[Dataset items]
__________________________________________________
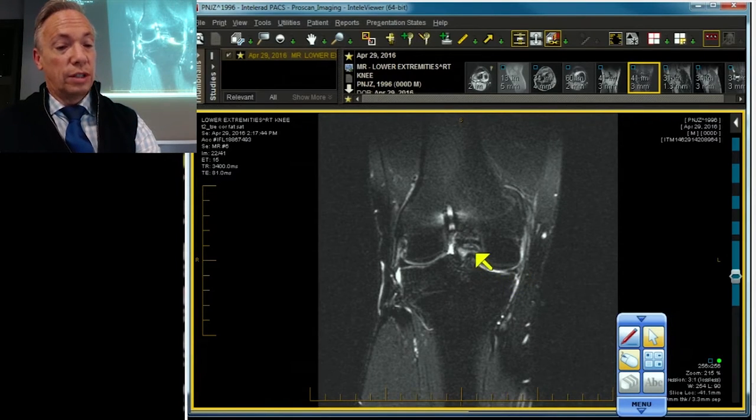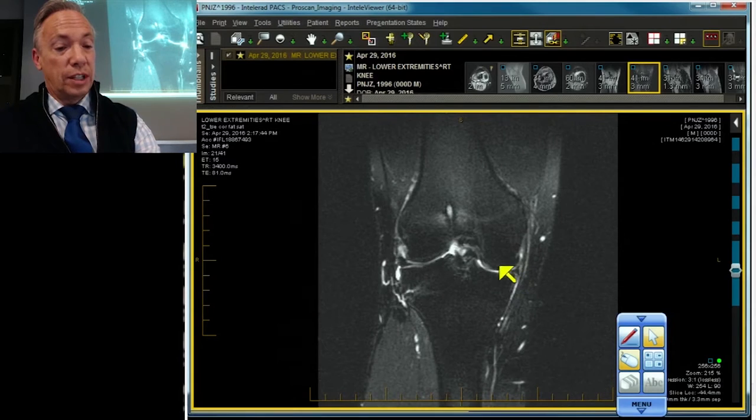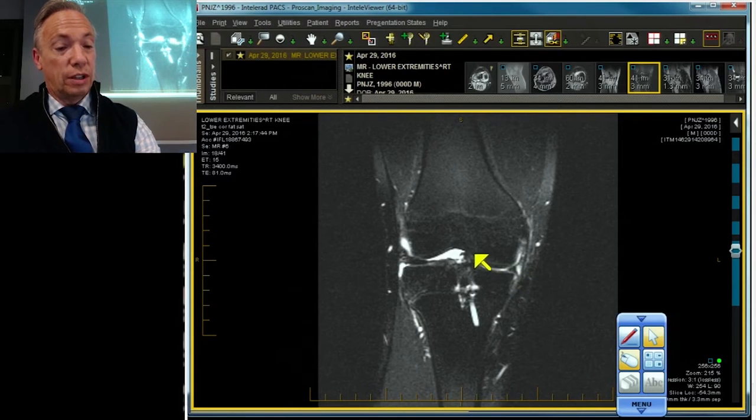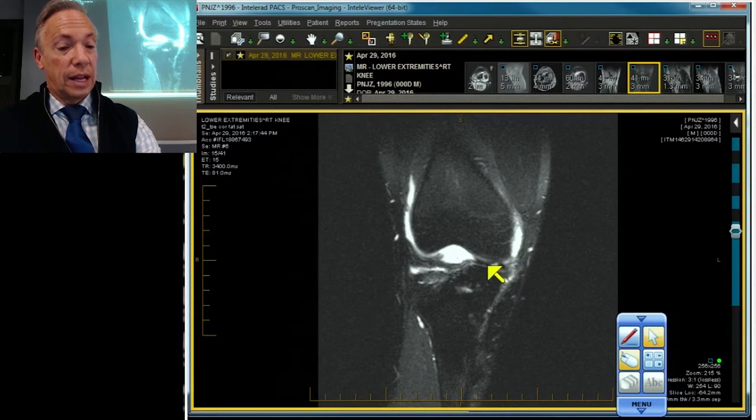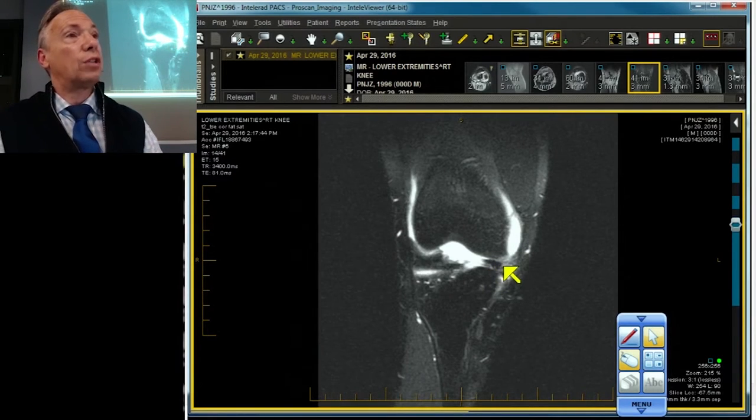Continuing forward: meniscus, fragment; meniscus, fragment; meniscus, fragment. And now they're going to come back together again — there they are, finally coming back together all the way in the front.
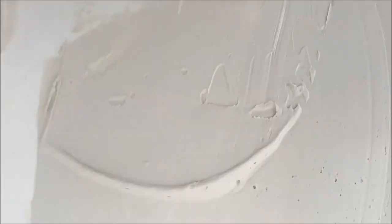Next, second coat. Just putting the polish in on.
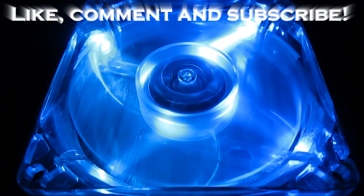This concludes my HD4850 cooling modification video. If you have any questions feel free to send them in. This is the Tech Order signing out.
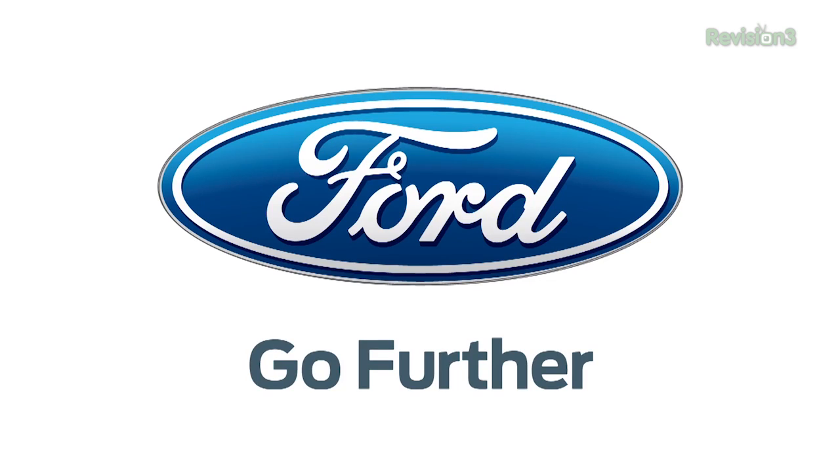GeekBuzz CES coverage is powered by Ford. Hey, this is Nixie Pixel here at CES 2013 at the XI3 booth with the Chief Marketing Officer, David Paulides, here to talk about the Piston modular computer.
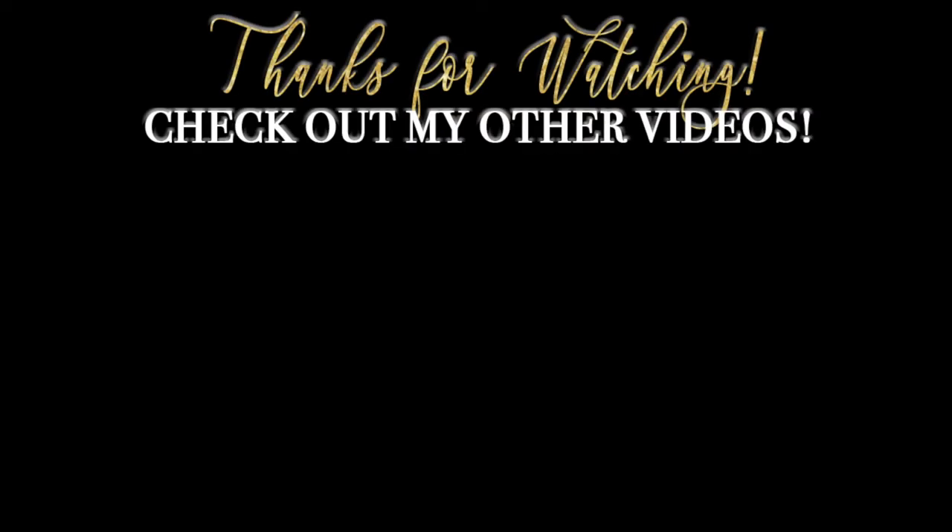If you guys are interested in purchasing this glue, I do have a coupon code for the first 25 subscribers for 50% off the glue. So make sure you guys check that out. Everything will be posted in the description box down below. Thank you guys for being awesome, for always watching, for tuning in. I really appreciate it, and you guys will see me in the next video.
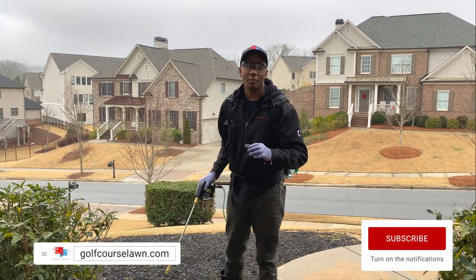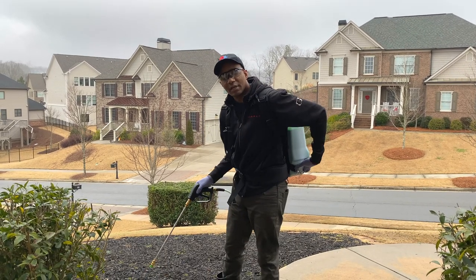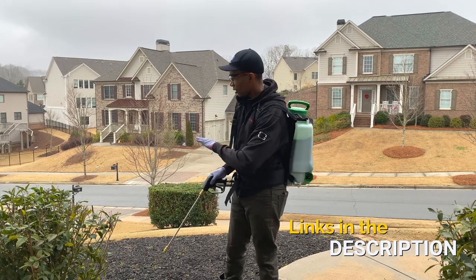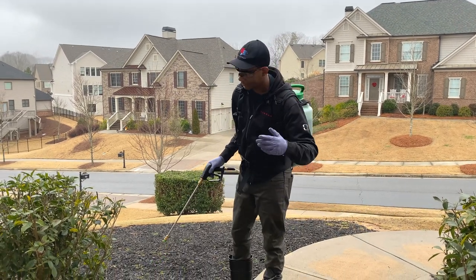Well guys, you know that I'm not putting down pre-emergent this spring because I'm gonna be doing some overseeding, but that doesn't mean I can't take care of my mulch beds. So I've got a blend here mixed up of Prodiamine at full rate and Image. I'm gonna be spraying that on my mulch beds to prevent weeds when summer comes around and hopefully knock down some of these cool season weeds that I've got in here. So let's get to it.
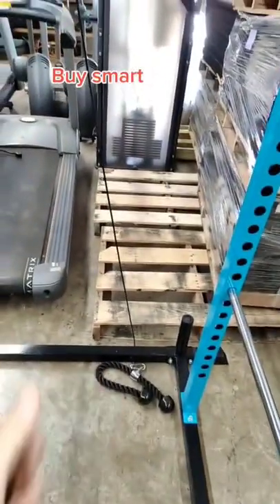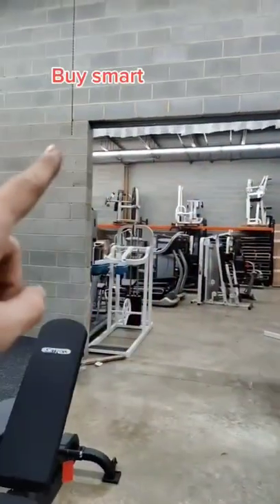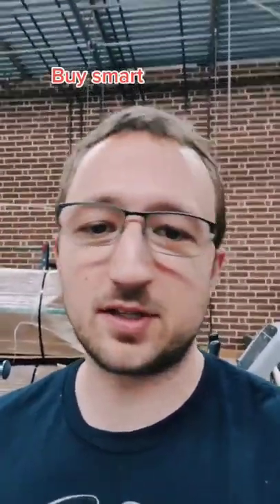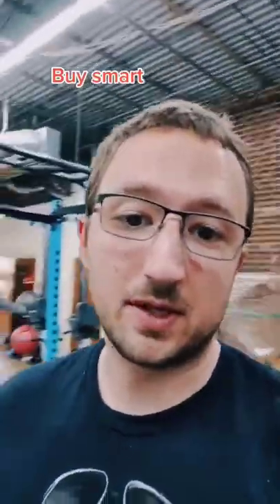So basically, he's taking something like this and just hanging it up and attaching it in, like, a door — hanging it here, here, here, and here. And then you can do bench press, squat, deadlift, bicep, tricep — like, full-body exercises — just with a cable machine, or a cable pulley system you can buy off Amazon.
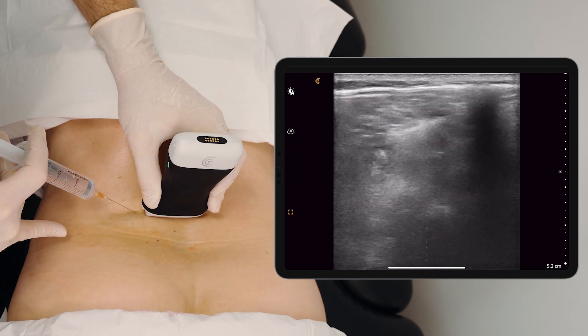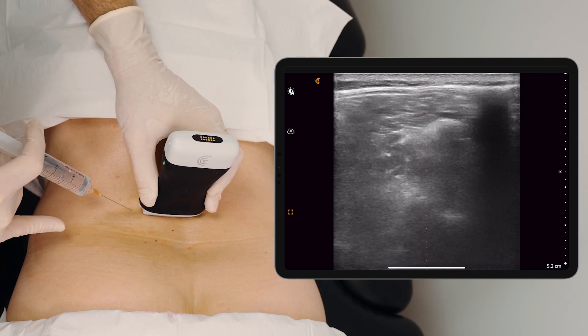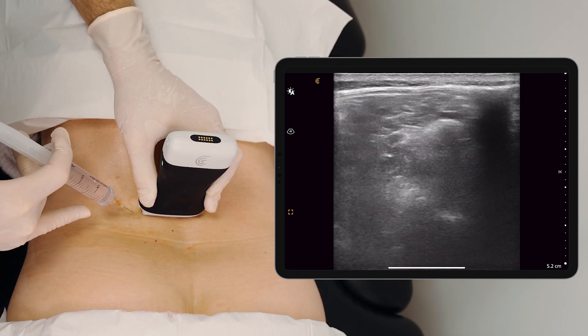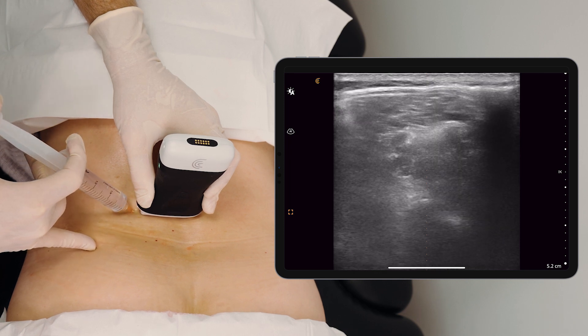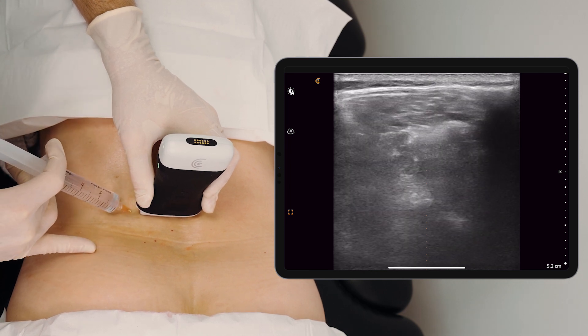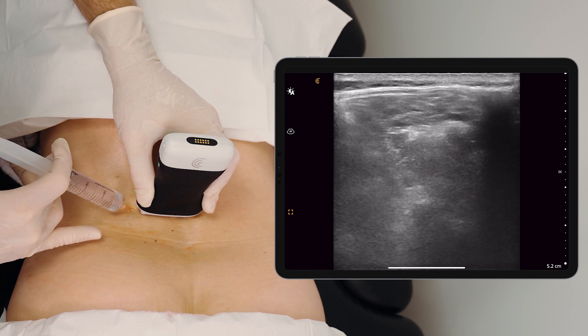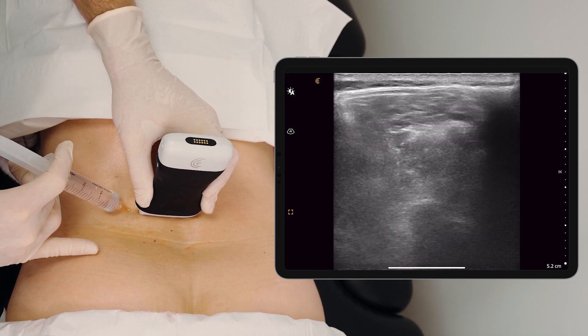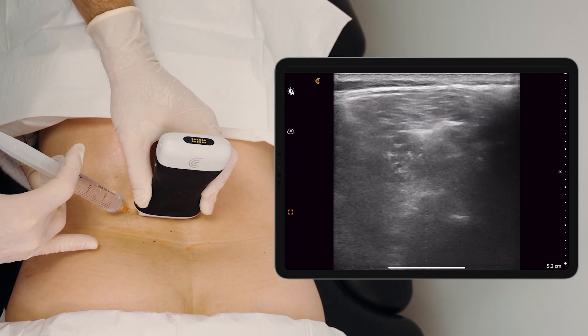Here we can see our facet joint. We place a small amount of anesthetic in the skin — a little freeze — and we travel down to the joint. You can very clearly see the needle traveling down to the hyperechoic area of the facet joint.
__________________________________________________
▶ _Work order_
Retype, please, exactly the lines that begin with the one containing "So basically, he's" and end at the last line of the entries above, both included, leaving out pictures.

▶ _Result of this task_
So basically, he's taking something like this and just hanging it up and attaching it in, like, a door — hanging it here, here, here, and here. And then you can do bench press, squat, deadlift, bicep, tricep — like, full-body exercises — just with a cable machine, or a cable pulley system you can buy off Amazon.
Here we can see our facet joint. We place a small amount of anesthetic in the skin — a little freeze — and we travel down to the joint. You can very clearly see the needle traveling down to the hyperechoic area of the facet joint.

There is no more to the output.